The bicistronic gene SNURF-SNRPN is central to the PWS region and crucial to understanding the methylation pattern in the syndrome. The CpG island at the 5′ end of SNURF-SNRPN (encompassing the promoter region, exon 1 and intron 1) is differentially imprinted according to parental origin: the unmethylated paternal allele is expressed while the methylated maternal allele is repressed (43). The PWS imprinting center (PWS-IC, Figure 1) involves the CpG island and exon 1 within the 4.3 Kb smallest region of overlap (44). Furthermore, SNURF-SNRPN expression produces a long transcript also including PWS-IC, Six snoRNA genes, IPW and UBE3A antisense (Figure 1), which is hypothesized to repress paternal UBE3A (4548).

Most PWS patients (65–75%) present a 5–6 Mb deletion at 15q11-q13 from the paternal origin (16, 49). There are two proximal breakpoints and a common distal breakpoint (Figure 1), these regions are flanked by low copy repeat sequences that predispose to abnormal chromosomal pairing and uneven crossing-over, resulting in errors during meiosis (50, 51). Maternal Uniparental Disomy (mDUP) occurs when both chromosomes 15 are inherited from the mother and accounts for ~20–30% of cases, being associated with advanced maternal age (9, 15). Imprinting defects are caused by epimutations or microdeletions in the PWS-IC in 1–3% of PWS cases. These individuals have biparental allele inheritance, but a maternal-only DNA methylation pattern (11, 52).

Clinical and molecular complexity in PWS enhances the importance of genetic diagnosis in therapeutic definition and genetic counseling. Only DNA methylation analysis can consistently diagnose the syndrome in all three molecular classes (deletion, mUPD, and imprinting defects) and differentiate it from Angelman Syndrome (9, 52). The methylation analysis targets the 5′ CpG island of the SNURF-SNRPN locus and will correctly diagnose more than 99% of cases. Currently, there are three assays with this detection capacity: methylation-specific PCR (MS-PCR, the gold standard), methylation-specific multiplex ligation-dependent probe amplification (MS-MLPA) and methylation-sensitive high-resolution melting (MS-HRM) (5358).

After methylation status confirmation, defining the exact molecular mechanism behind the syndrome origin is important for genetic counseling. Sporadic deletion cases have <1% risk of recurrence, while rare cases of structural abnormalities involving chromosome 15 (such as translocations, ring formation, isochromosome or inversions) can be as high as 25–50% and fluorescence in situ hybridization (FISH) can address the deletion source (5965). mUPD 15 is typically de novo (recurrence <1%), proband and parents should be investigated by small nucleotide polymorphisms (SNP) microarray for accurate counseling (66, 67).

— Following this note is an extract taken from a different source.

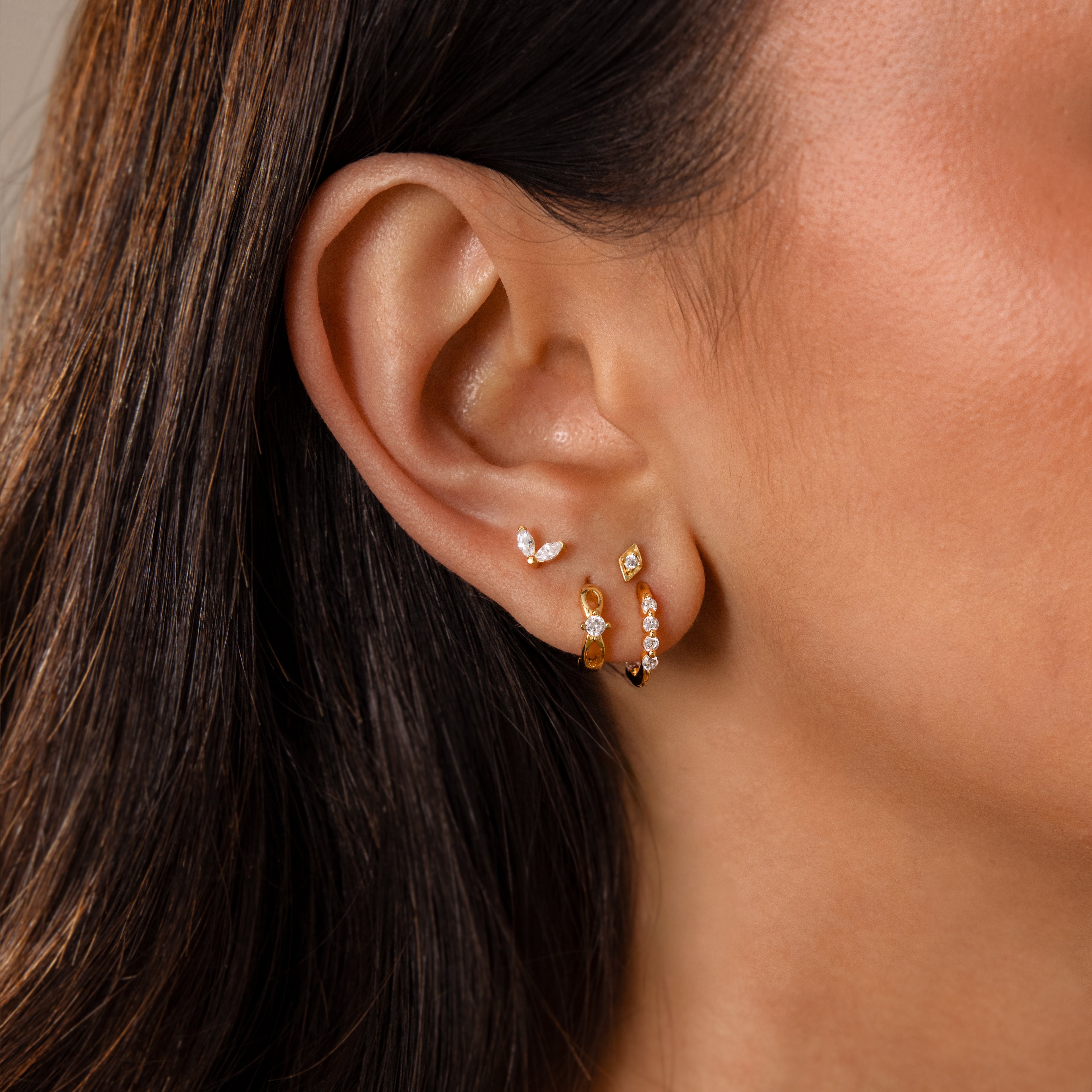 Close-up of a womans ear wearing Mini Diamond Beaded Huggies—modern huggie earrings featuring gemstone beads in unique shapes and sizes.
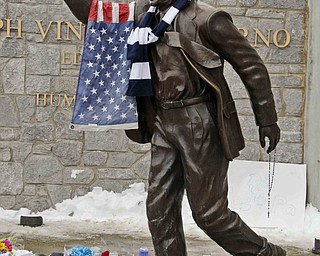 A flag and Penn State scarf were placed on a statue of Joe Paterno outside Beaver Stadium on the Penn State University campus by fans paying their respects after learning of his death Sunday, Jan. 22, 2012 in State College,Pa.. (AP Photo/Gene J. Puskar)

Most imprinting defects cases are classified as epimutations with no alteration in the DNA sequence and have <1% recurrence risk. However, 15% of individuals with imprinting defects present a paternally inherited microdeletion (7.5–100 kb) in the PWS-IC, in which cases the risk of recurrence is 50%. IC analysis by MS-MLPA or DNA sequencing will address the exact origin of this event (5, 44).

Genotype-Phenotype Relationships in Prader-Willi Syndrome

None of the PWS genetic errors are associated with exclusive symptoms. However, the most prevalent molecular classes (deletion and mUPD) show statistical differences in frequency or severity in some clinical characteristics. Patients with paternal deletion were more related to feeding problems, sleep disturbances, hypopigmentation and speech and language deficits (68). Individuals with the larger type 1 deletion (Figure 1) have been reported to have better academic performance and intellectual abilities, and more compulsiveness when compared to type 2 deletion patients (69, 70). Several other features are more common in mUPD individuals, such as post-term delivery, higher verbal IQ, psychosis and autism spectrum disorder (15, 69, 7175). On the other hand, mUPD patients are less likely to have the typical PWS facial appearance or hypopigmentation (16). So far, no single gene mutation has been described to contribute to this genetic disorder. Here we proposed to review genes individually disrupted within the PWS critical region and their reported clinical phenotypes related to the syndrome.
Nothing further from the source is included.